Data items
■ ■ ■ ■ ■

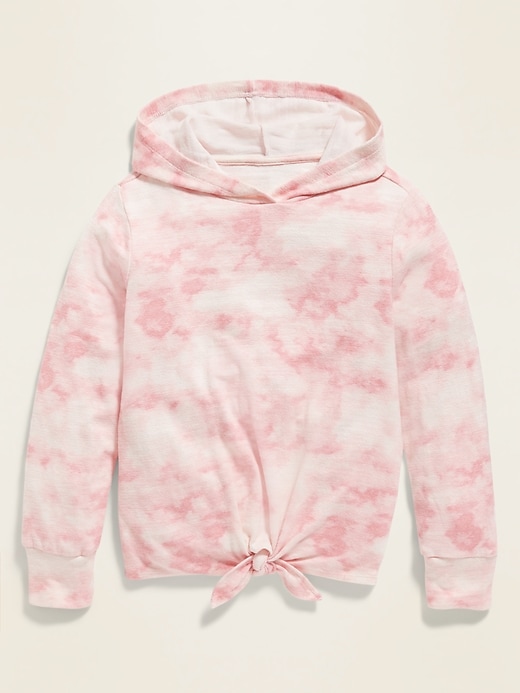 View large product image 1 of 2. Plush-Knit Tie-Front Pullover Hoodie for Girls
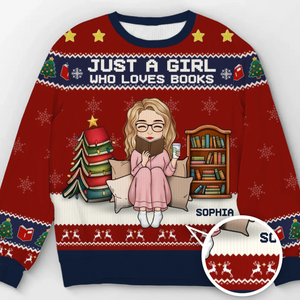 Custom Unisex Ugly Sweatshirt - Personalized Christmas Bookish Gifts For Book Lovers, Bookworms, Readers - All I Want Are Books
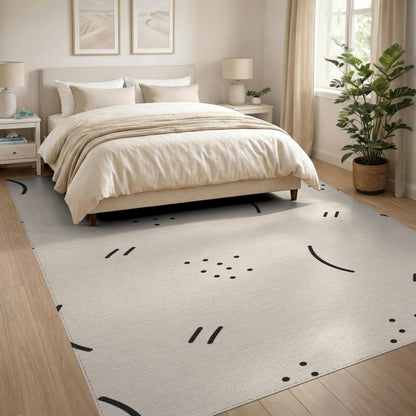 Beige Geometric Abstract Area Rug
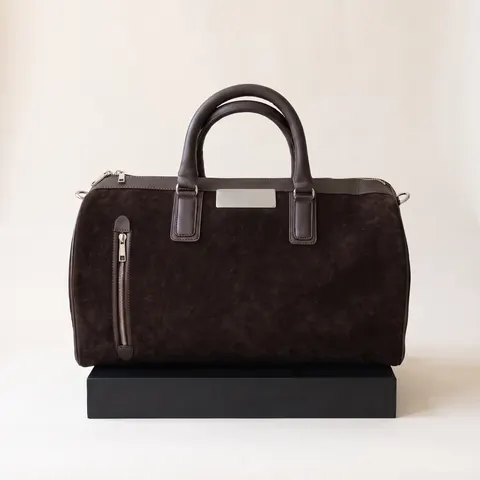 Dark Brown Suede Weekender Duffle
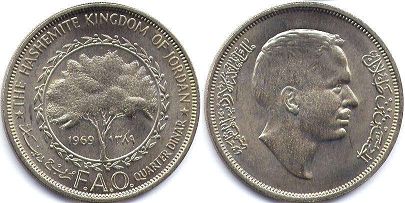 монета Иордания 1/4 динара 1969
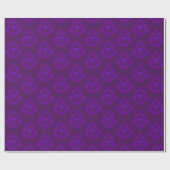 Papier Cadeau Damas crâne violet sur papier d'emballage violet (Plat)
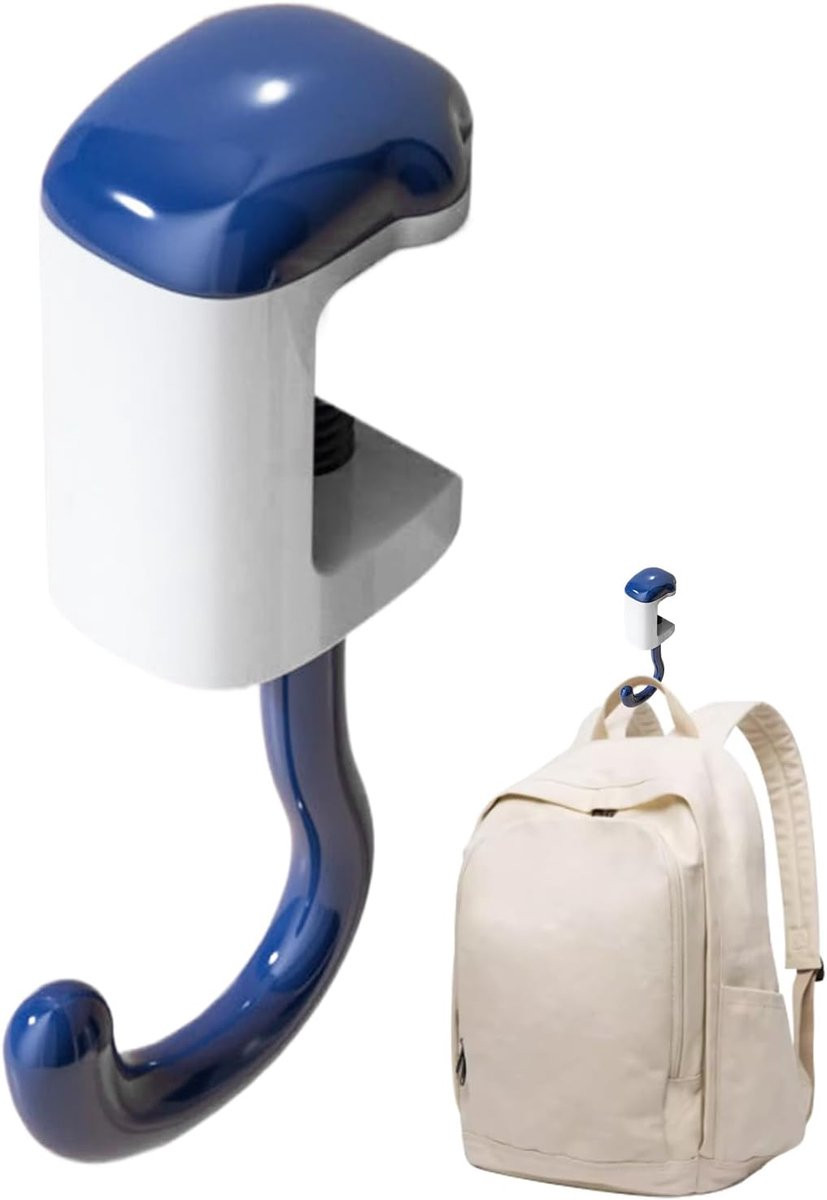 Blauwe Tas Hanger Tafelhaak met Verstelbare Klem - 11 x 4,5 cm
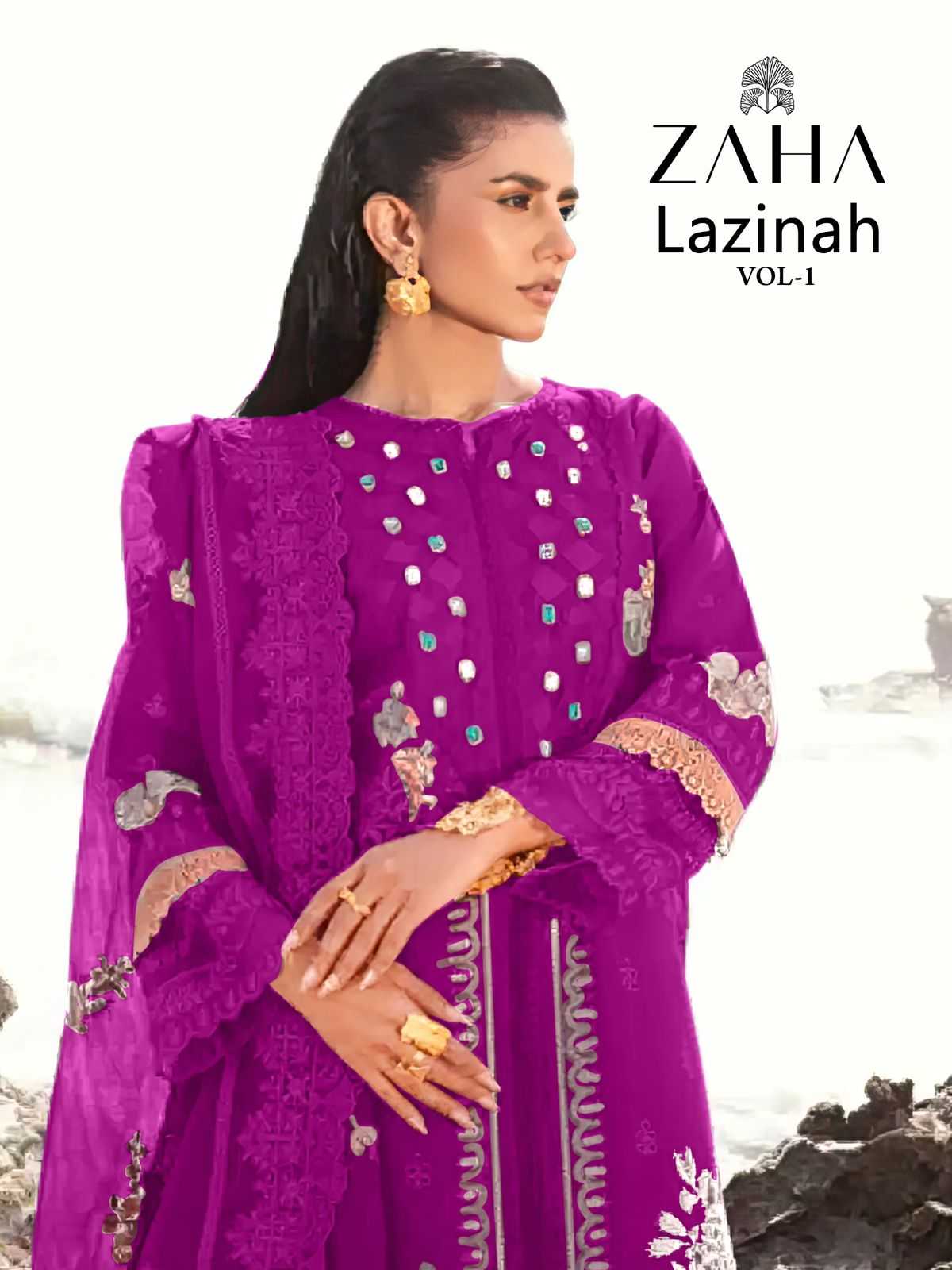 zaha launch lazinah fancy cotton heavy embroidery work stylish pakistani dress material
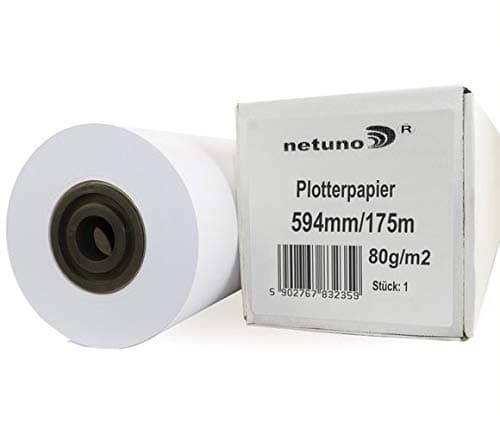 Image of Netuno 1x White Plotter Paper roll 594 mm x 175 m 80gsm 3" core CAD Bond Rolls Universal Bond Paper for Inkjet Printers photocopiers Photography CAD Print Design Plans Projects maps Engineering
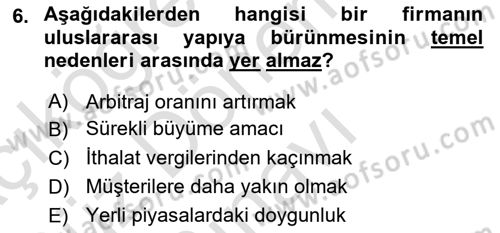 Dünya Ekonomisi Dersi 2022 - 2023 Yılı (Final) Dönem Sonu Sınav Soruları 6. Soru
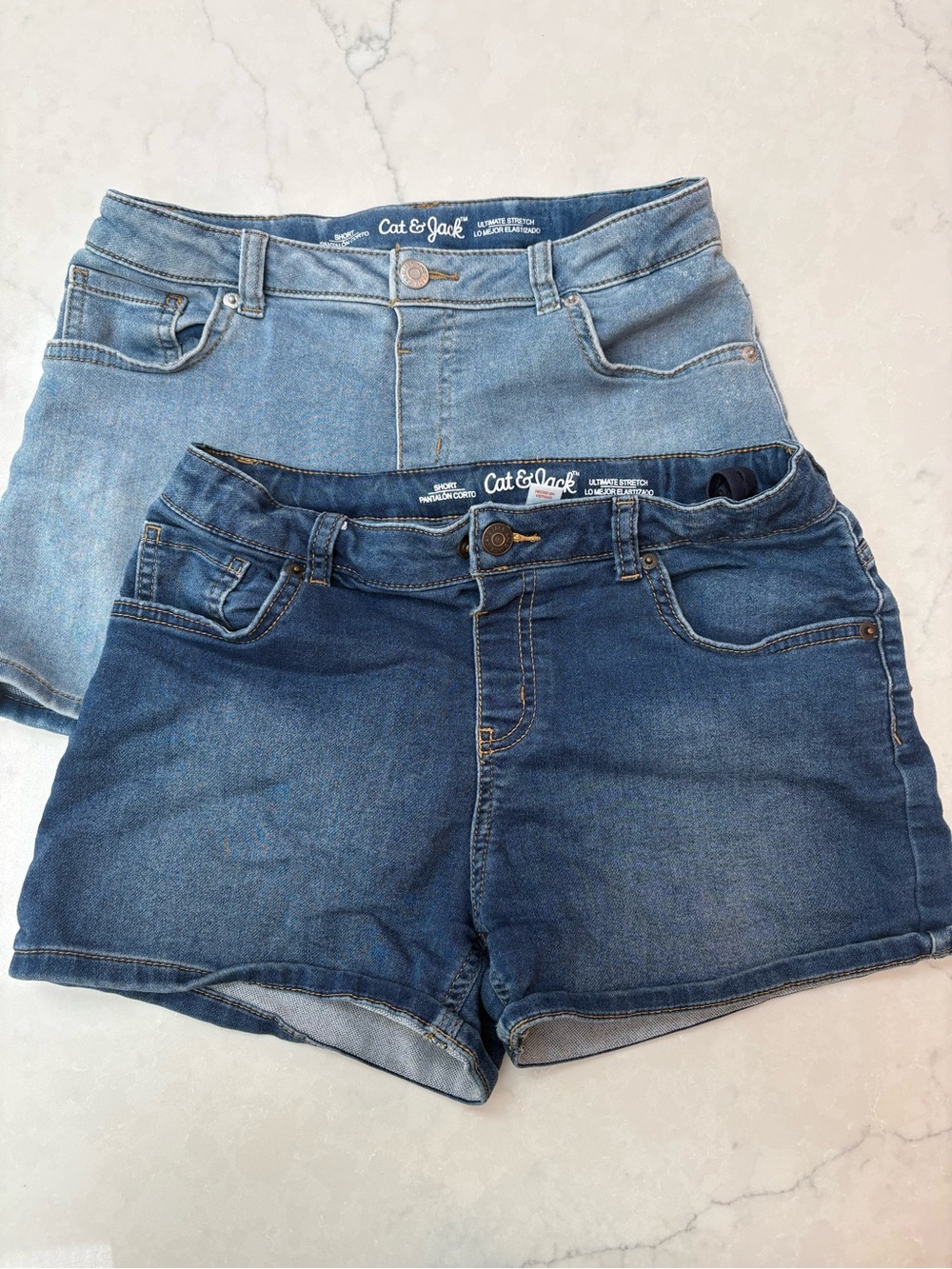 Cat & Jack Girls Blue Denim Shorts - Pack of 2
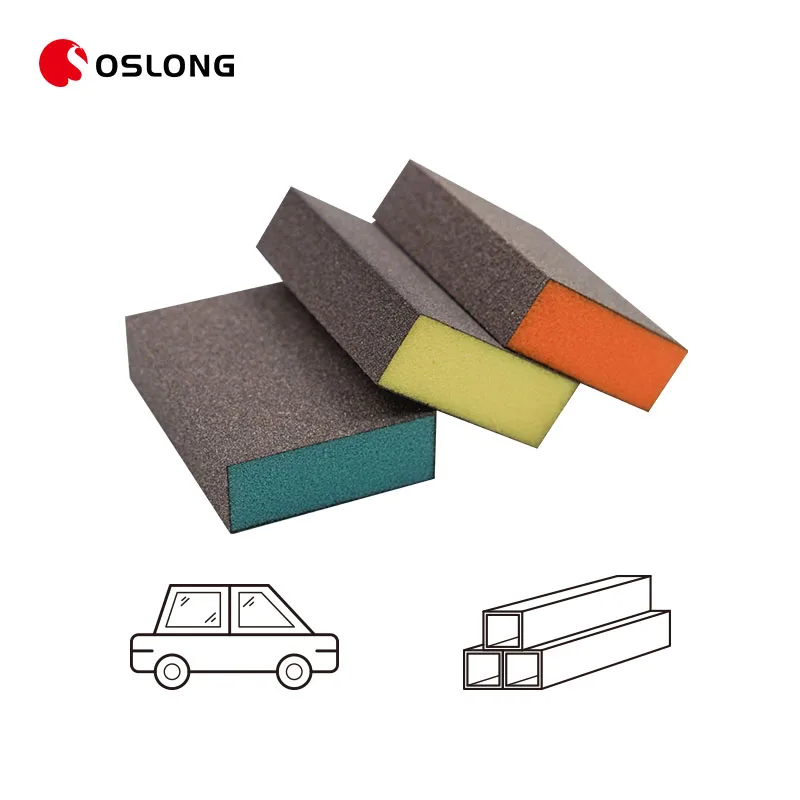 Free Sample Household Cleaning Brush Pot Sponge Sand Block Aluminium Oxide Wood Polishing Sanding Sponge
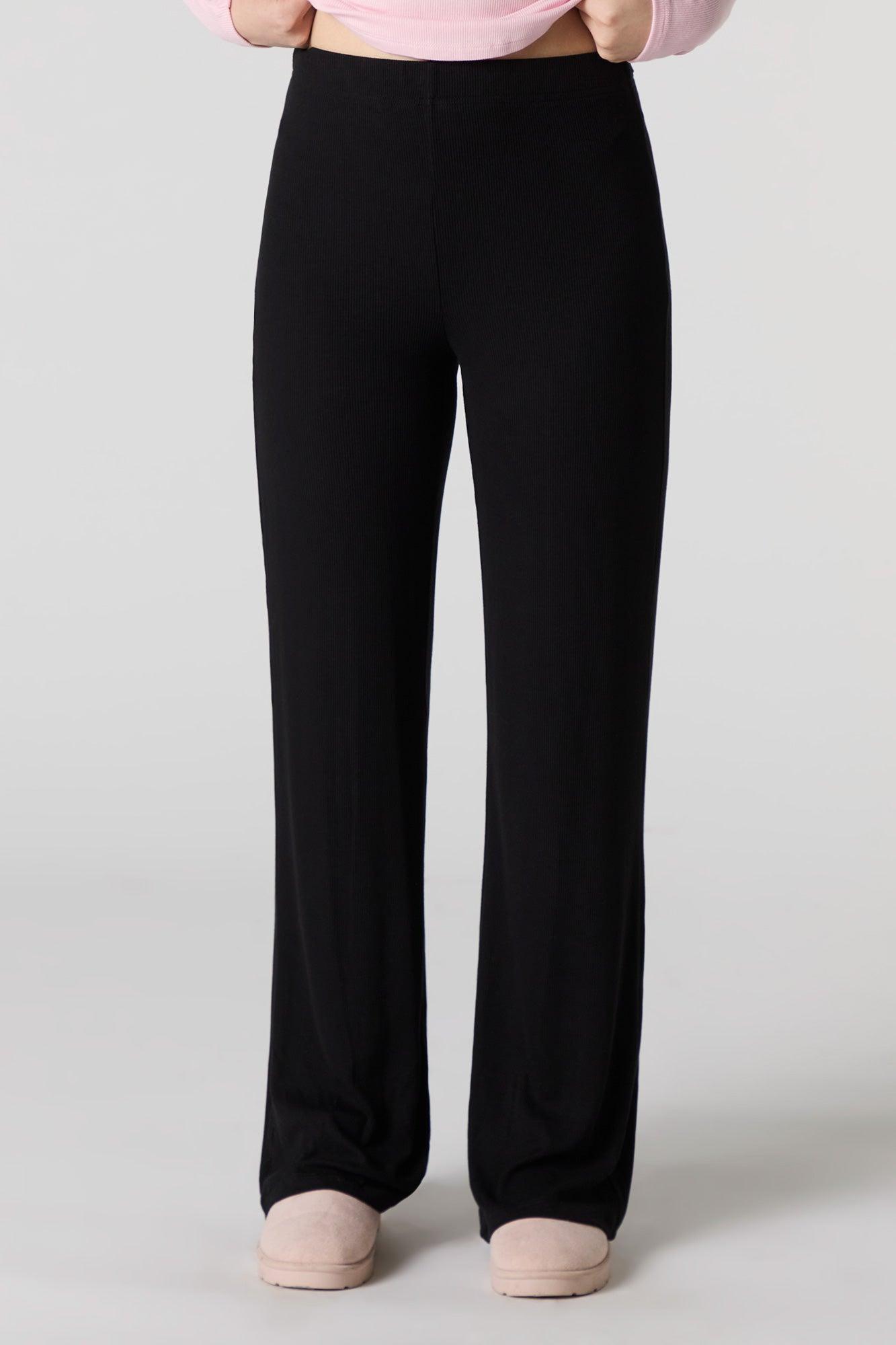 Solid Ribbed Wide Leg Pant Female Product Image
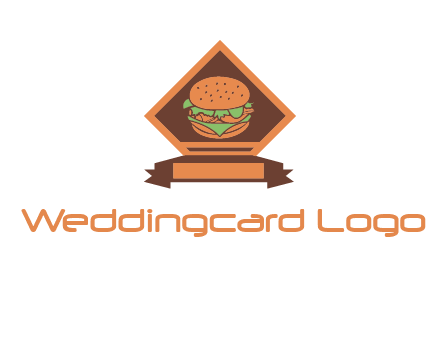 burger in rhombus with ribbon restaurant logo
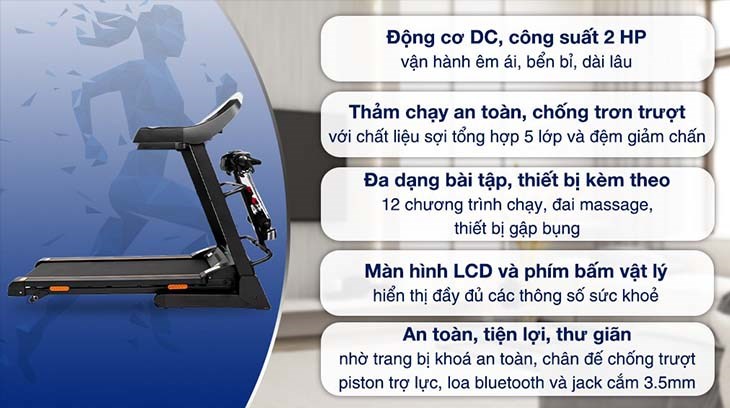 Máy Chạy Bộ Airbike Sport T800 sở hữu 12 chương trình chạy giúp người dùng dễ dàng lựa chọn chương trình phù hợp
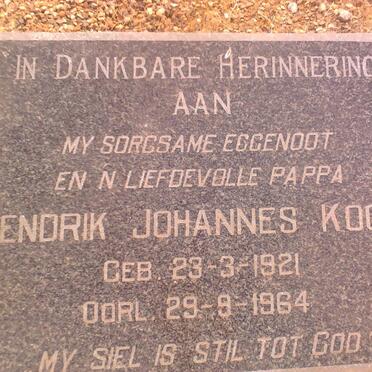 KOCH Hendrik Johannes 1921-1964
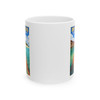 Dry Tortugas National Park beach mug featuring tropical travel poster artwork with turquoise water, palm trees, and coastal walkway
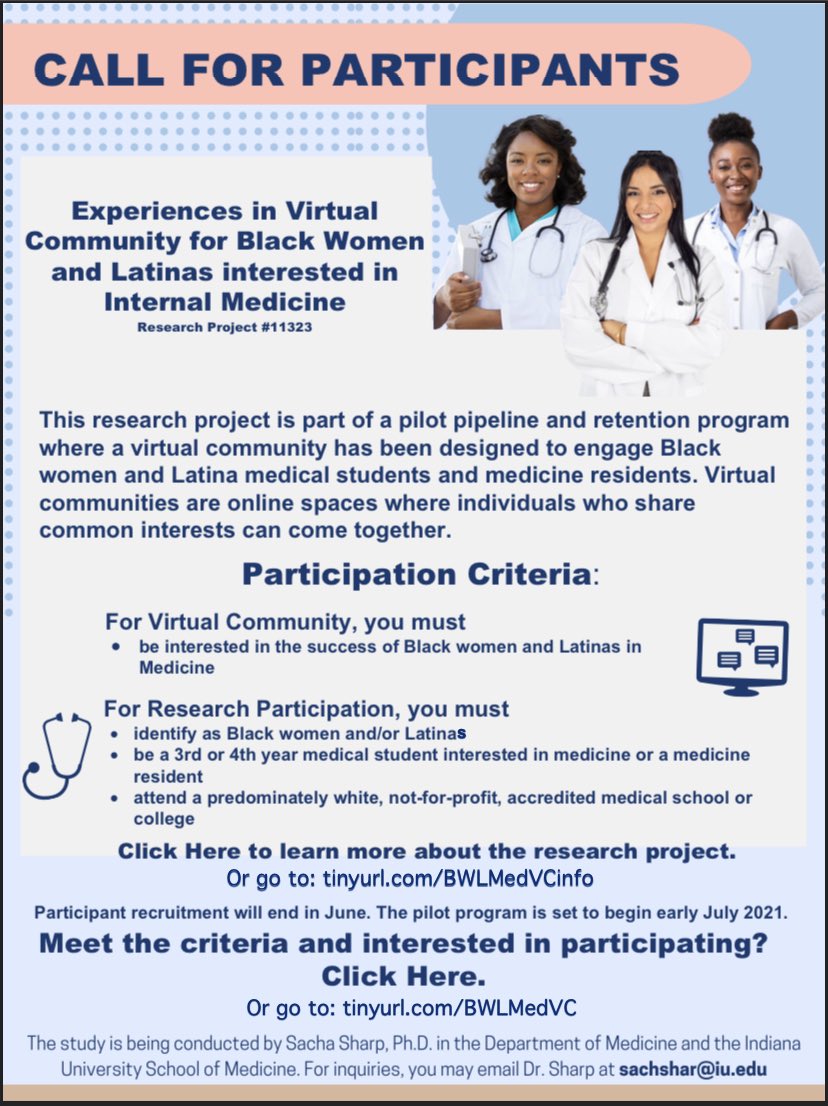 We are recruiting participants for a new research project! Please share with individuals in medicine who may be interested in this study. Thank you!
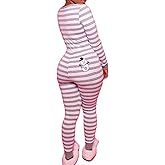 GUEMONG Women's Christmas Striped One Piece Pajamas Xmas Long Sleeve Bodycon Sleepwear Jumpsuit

■ ■ ■ ■ ■

▶ **Problem**
All that should be returned is the run of lines from the start of the entries above to the line bearing "We are recruiting", each exact, with pictures omitted.

▶ **Solution to this exercise**
 View large product image 1 of 2. Plush-Knit Tie-Front Pullover Hoodie for Girls
 Custom Unisex Ugly Sweatshirt - Personalized Christmas Bookish Gifts For Book Lovers, Bookworms, Readers - All I Want Are Books
 Beige Geometric Abstract Area Rug
 Dark Brown Suede Weekender Duffle
 монета Иордания 1/4 динара 1969
 Papier Cadeau Damas crâne violet sur papier d'emballage violet (Plat)
 Blauwe Tas Hanger Tafelhaak met Verstelbare Klem - 11 x 4,5 cm
 zaha launch lazinah fancy cotton heavy embroidery work stylish pakistani dress material
 Image of Netuno 1x White Plotter Paper roll 594 mm x 175 m 80gsm 3" core CAD Bond Rolls Universal Bond Paper for Inkjet Printers photocopiers Photography CAD Print Design Plans Projects maps Engineering
 Dünya Ekonomisi Dersi 2022 - 2023 Yılı (Final) Dönem Sonu Sınav Soruları 6. Soru
 Cat & Jack Girls Blue Denim Shorts - Pack of 2
 Free Sample Household Cleaning Brush Pot Sponge Sand Block Aluminium Oxide Wood Polishing Sanding Sponge
 Solid Ribbed Wide Leg Pant Female Product Image
 burger in rhombus with ribbon restaurant logo
 Máy Chạy Bộ Airbike Sport T800 sở hữu 12 chương trình chạy giúp người dùng dễ dàng lựa chọn chương trình phù hợp
 KOCH Hendrik Johannes 1921-1964
 Dry Tortugas National Park beach mug featuring tropical travel poster artwork with turquoise water, palm trees, and coastal walkway
 We are recruiting participants for a new research project! Please share with individuals in medicine who may be interested in this study. Thank you!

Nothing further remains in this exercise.